* _Task prompt_
Only the lines below from the one containing "For sale 1 bed" through the one containing "High street ledbury" belong in the answer, set down exactly, with the pictures left out.

□ □ □ □ □ □ □

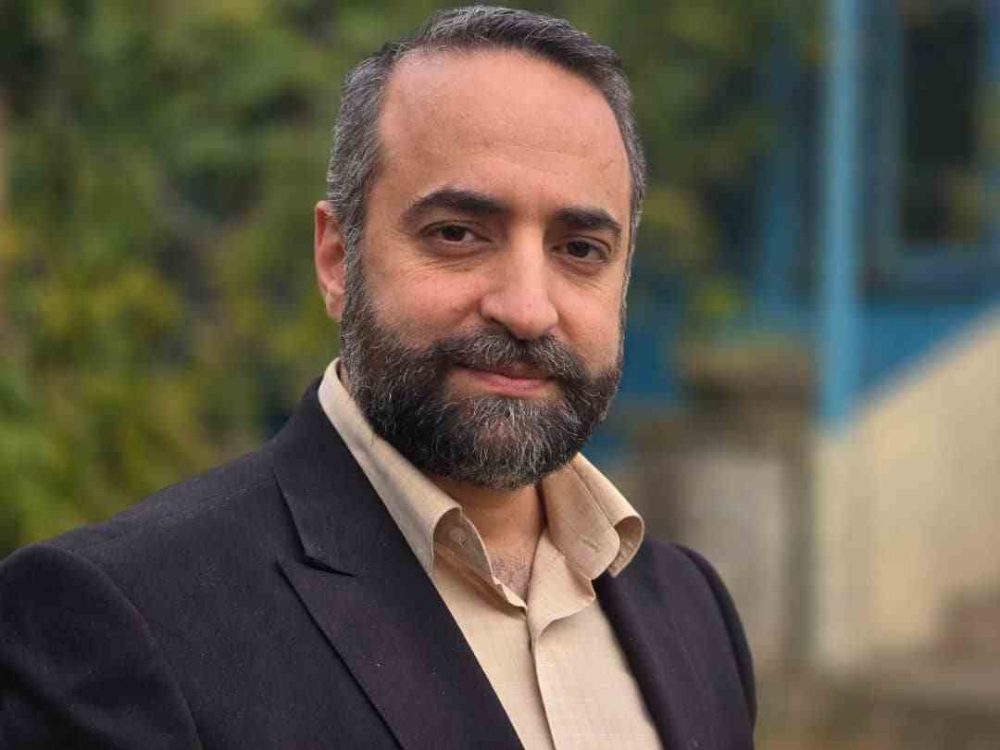 مرتضی عاطفی ؛ شهر تالابی بندر کیاشهر فرصتی برای معرفی این منطقه به جهان است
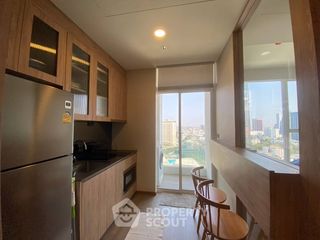 For sale 1 bed apartment in Khlong Toei, Bangkok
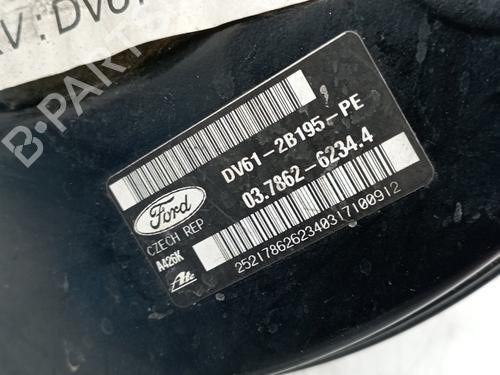 Servo brake FORD FOCUS III 1.0 EcoBoost | BP20642052M42 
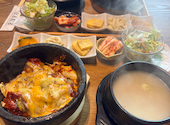 韓国料理 ホンデポチャ 錦糸町: みえさんの2026年09月05日の1枚目の投稿写真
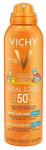 P&auml;ikesekaitsesprei Vichy Ideal Soleil Anti Sand Child SPF50, 200 ml
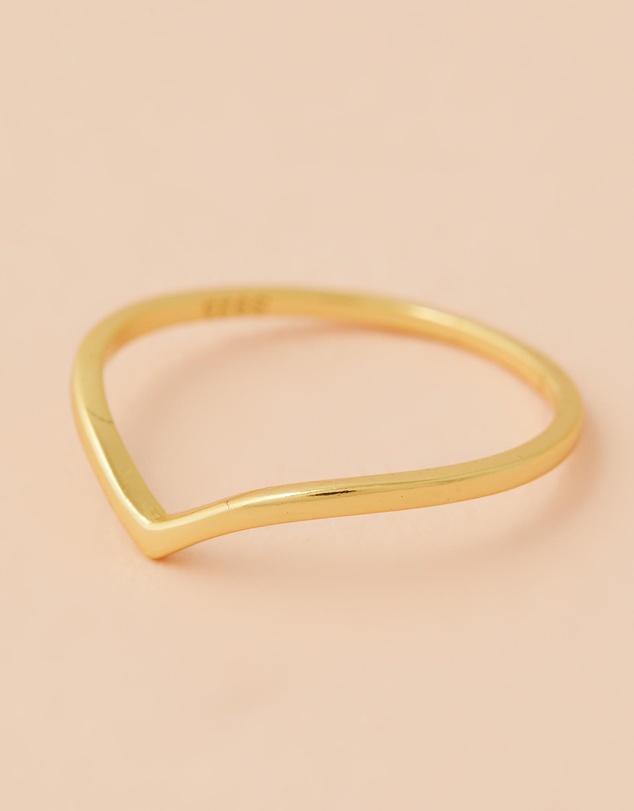 Native Sol - Fallon Ring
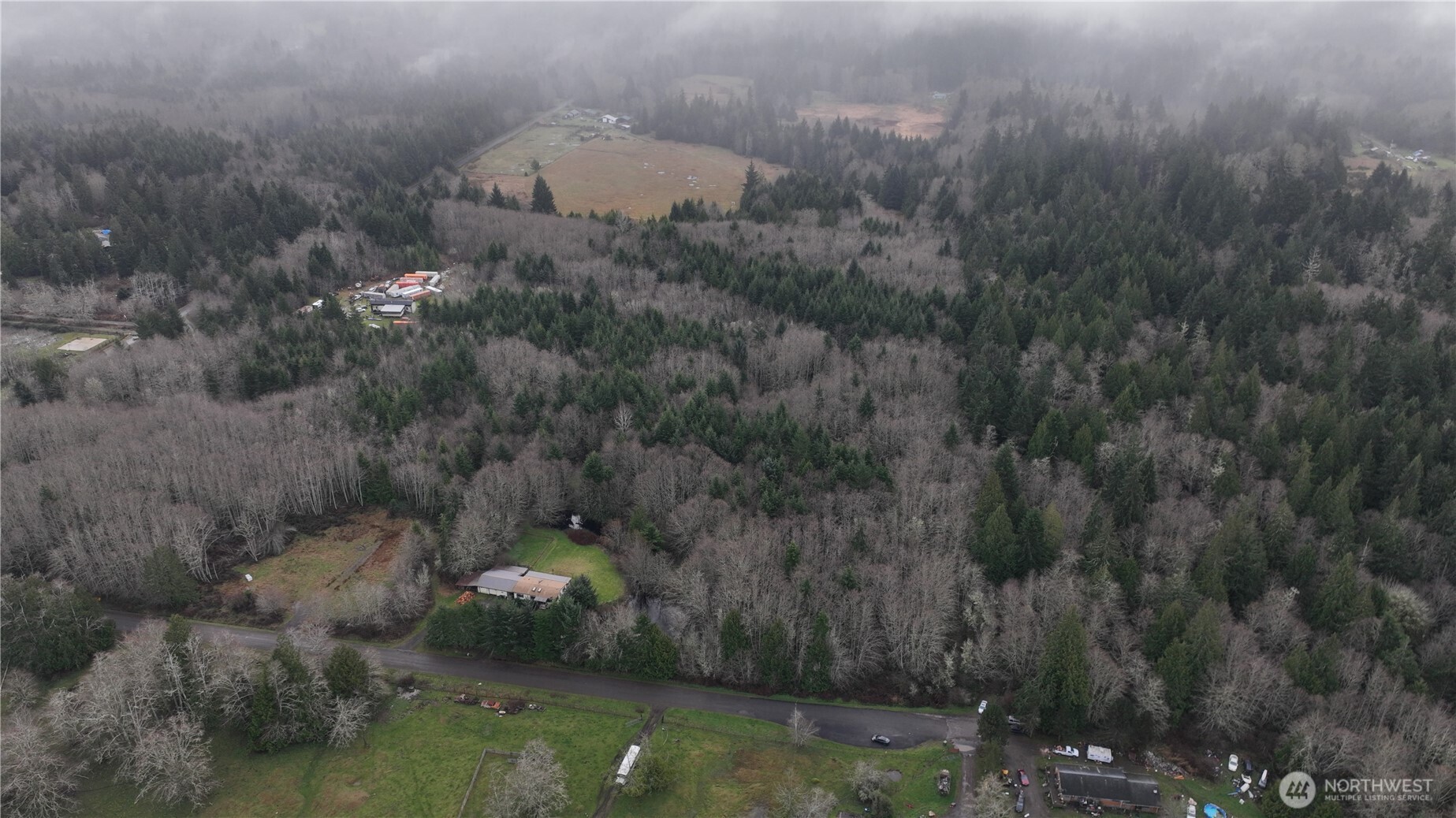 9999 Farrington Road Port Angeles, WA 98363 - Photo 4 of 21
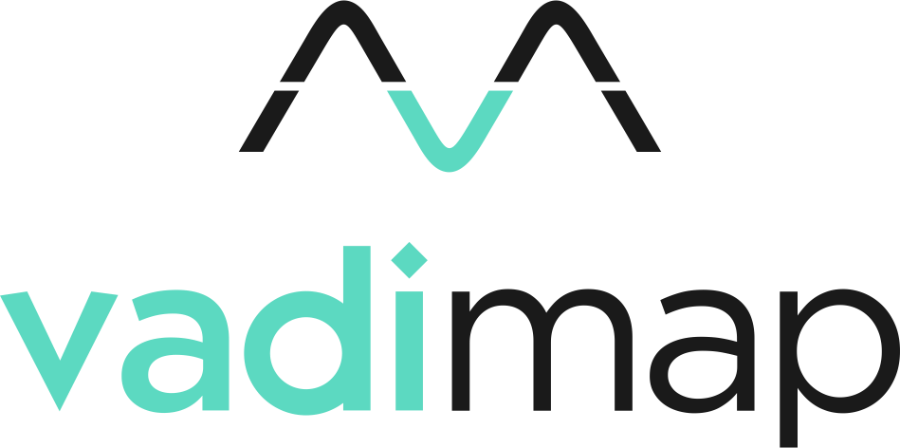 Logo vadiMAP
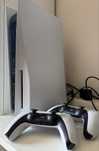 Konsola ps5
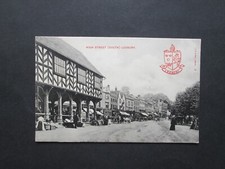 High street ledbury for sale  HARROW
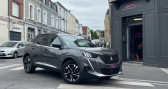 Peugeot 2008 occasion année 2021 boite Automatique Annonce Peugeot 2008 occasion Diesel BlueHDi 130 EAT8 GT / SUIVI COMPLET / CAMERA 360 / CARPLAY à Cambrai
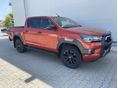 TOYOTA HILUX 2.8 D-4D 4x4 Double Invincible (Automata)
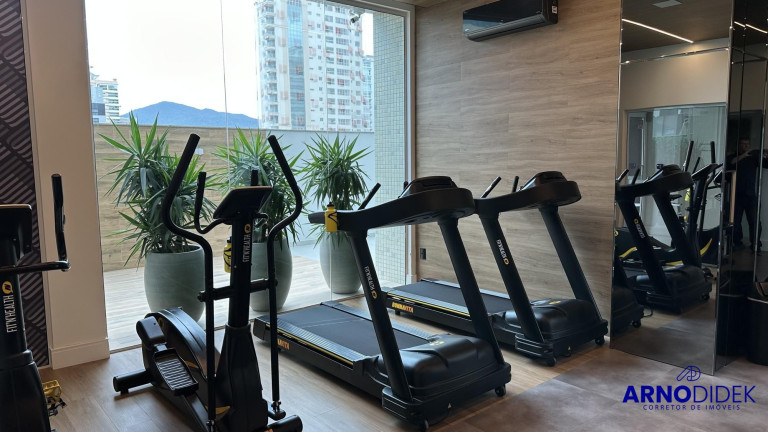 Apartamento com 4 Quartos à Venda, 160 m² em Meia Praia - Itapema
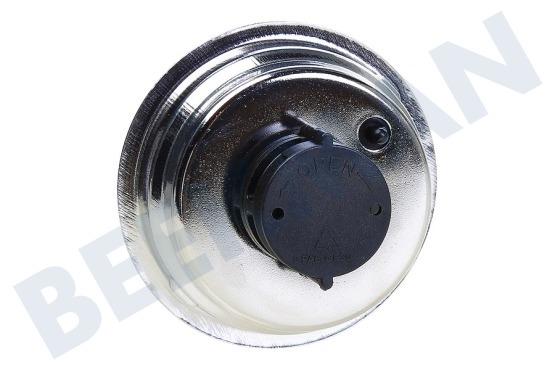 DeLonghi Cafetera automática AS00001313 Filtro de café espresso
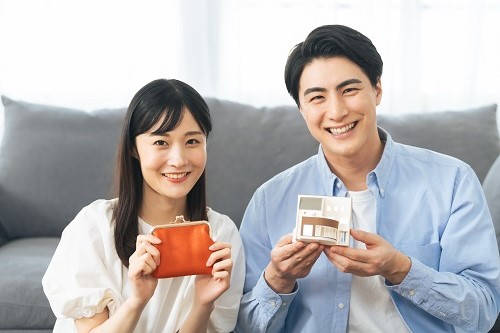 ローコスト住宅でも満足できる人の特徴を紹介します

□ □ □ □ □ □ □

* _Exercise output_
 For sale 1 bed apartment in Khlong Toei, Bangkok
 Servo brake FORD FOCUS III 1.0 EcoBoost | BP20642052M42 
 韓国料理 ホンデポチャ 錦糸町: みえさんの2026年09月05日の1枚目の投稿写真
 P&auml;ikesekaitsesprei Vichy Ideal Soleil Anti Sand Child SPF50, 200 ml
 Native Sol - Fallon Ring
 9999 Farrington Road Port Angeles, WA 98363 - Photo 4 of 21
 Logo vadiMAP
 Konsola ps5
 High street ledbury for sale  HARROW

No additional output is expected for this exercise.